Money mayday as Brits turn to payday loans
The rising cost of living combined with the recent run of expensive bank holidays has led to a 58 per cent increase in demand for payday loans through moneysupermarket.com, compared to the same period in April. The UK comparison site is warning consumers to make sure a payday loan is the most suitable product for their circumstances and understand the terms and conditions before applying; otherwise they may find themselves in financial difficulty.
Payday loans are a form of short-term borrowing aimed at struggling consumers who need to bridge the gap until their next pay day. The amounts offered to consumers by payday loan companies usually range from £100 to £300, but this amount can go up to £1,000 in some cases. If an application is successful, money can be transferred into the borrowers account on the same day, making them extremely attractive to those that need a quick cash injection.
Due to their short terms nature pay day loans carry extremely high interest rates, some as much as 2,000 per cent when converted to an annual percentage rate (APR). These rates vary enormously, but typically, customers borrowing £100 will have to pay back around £125 and the term of the loan is usually set at 31 days - a £300 loan is likely to cost them around £375.
Tim Moss, head of loans and debt at moneysupermarket.com said: "It's no surprise to see the demand for pay day loans rise so sharply in the current climate, and particularly around bank holiday periods when people have been spending more. These products act as a barometer, giving a unique insight into the state of the nation's finances, and as people continue to feel the pinch, we can expect to see the popularity of these products continue to increase.
"When you convert the interest rate of a pay day loan to an APR, the costs involved can appear exorbitant, however, because of their short-term nature expressing the rate as an APR can be misleading. For consumers who need money quickly, it can often be cheaper to borrow using a payday loan than exceeding their overdraft limit without authorisation from their provider.
"However, the use of payday loans comes with a huge caveat. There is a real danger that customers could fall into a spiral of debt where they have to take out a loan each month just to make ends meets. Borrowing £100 one month means paying back £125 the next and anyone struggling to stay out of the red could find that taking out a pay day loan ultimately makes the problem worse. Payday loans are not suitable for customers looking for longer term credit or unable to pay off the debt within a few days.

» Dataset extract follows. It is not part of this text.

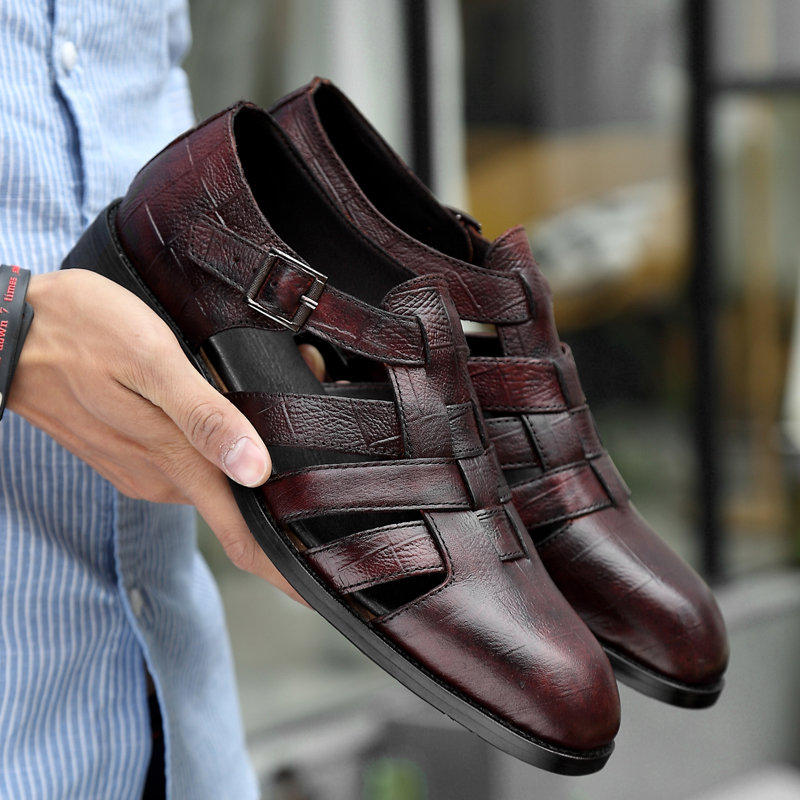 Italian Style Fashion Genuine Leather Sandals For Men Business Dress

"The golden rule for consumers is not to borrow money unless it is absolutely necessary. Consumers feeling the pinch need to sit down, go through their finances and try to work out where they can reduce their outgoings before considering any kind of loan. If you are a regular user of a payday loan, then you should really look at your circumstances. If you are in a position where you rely on them regularly, then I would advise seeking debt advice from one of the free debt advice charities who can help bring your finances back on track."